The authors collected a series of consecutive FNA cases diagnosed as Bethesda category II, III, and IV from a medical center over the course of 1 year. DICER1 exons 24 and 25 and TERT promoter mutations were detected by Sanger sequencing in all cases, and BRAF^V600E mutations were detected by amplification refractory mutation system PCR in Bethesda III and IV cases.

Results

A total of 899 patients were included in the study. DICER1 mutations were identified in 52 patients: 20 in Bethesda category II (6.2%, 20 of 322), 25 in Bethesda category III (4.9%, 25 of 510), and seven in Bethesda category IV (10.4%, 7 of 67). Among the 510 Bethesda III FNA samples, 76 harbored the BRAF^V600E mutation and 25 harbored DICER1 mutations. BRAF^V600E and DICER1 mutations were mutually exclusive. In Bethesda category II and III cases, patients with DICER1-mutant nodules were younger and had larger nodule volumes compared to those without DICER1 mutations.
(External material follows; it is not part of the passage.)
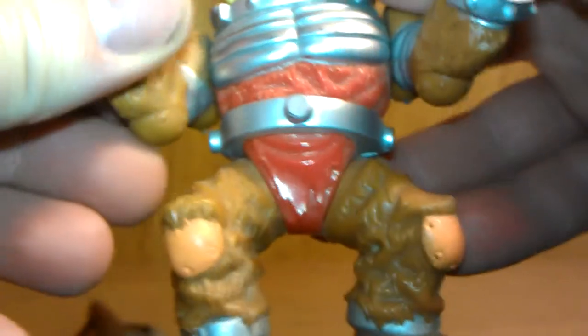He does have full arm movement, his legs go up in the air, and he is stuck in this pose but oh well. His wrists do rotate, so you can get some quite cool poses out of him. He is actually quite cool.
All DICER1-mutant Bethesda III FNAs were classified as atypia of undetermined significance (AUS)-other. TERT promoter mutations (c. -118G>T and c. -144 C>T) were identified in two FNA samples.

Conclusion

The findings of this study suggest that DICER1-mutant nodules are unlikely to be BRAF-mutant carcinomas. Further study of the molecular characteristics of DICER1-mutant FNAs will contribute to more accurate cytological diagnosis.